Поэтому практика Пелевина интерпретируется как доступная, увлекательная, предельно ясная, «обладающая концентрированным содержанием» философская проза, с оттенком мистики и потусторонности, несложная для восприятия в том числе и молодым неподготовленным читателем, потому что дергает именно за те струны, которые у людей в этом возрасте чувствительнее всего: Смерть, Свобода, Любовь, Смысл жизни, Смысл всего, Тотальная метафизика. Умеренный, а потому не обидный интеллектуальный изыск уравновешен завлекательной медлительной интригой. «И все это в просветленном, сублимированном виде, очищенном от запаха блевотины, который так часто сопровождает современное искусство» (Корнев 1997: 246). реконструированный постмодернизм оказывается очищенным от неприемлемого для поля массовой культуры радикализма.

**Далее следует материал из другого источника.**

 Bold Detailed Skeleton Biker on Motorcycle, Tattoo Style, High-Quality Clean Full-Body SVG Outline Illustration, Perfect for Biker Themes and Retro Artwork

Пелевин не боится использовать приемы Сорокина, так как они предлагаются в редуцированном виде, способном постмодернистской деконструкции навязать культуртрегерский смысл. Сравним использование брикетов с калом Сорокиным, которые в его романе «Норма» предстают аналогом нормы идеологии, в обязательном порядке поглощавшейся агентами идеологического поля, и Пелевиным в романе «Жизнь насекомых», где те же брикеты кала не что иное, как израсходованная жизнь и удобрение для будущего. Точно таким же удобрением для будущего становится и Сорокин: его радикальность интерпретируется как неактуальная, устаревшая, а интертекстуальная редукция позволяет идеологическое перекодировать в метафизическое, ибо для поля массовой культуры метафизическое соотносимо с тем символическим капиталом, в котором более всего нуждается потребитель.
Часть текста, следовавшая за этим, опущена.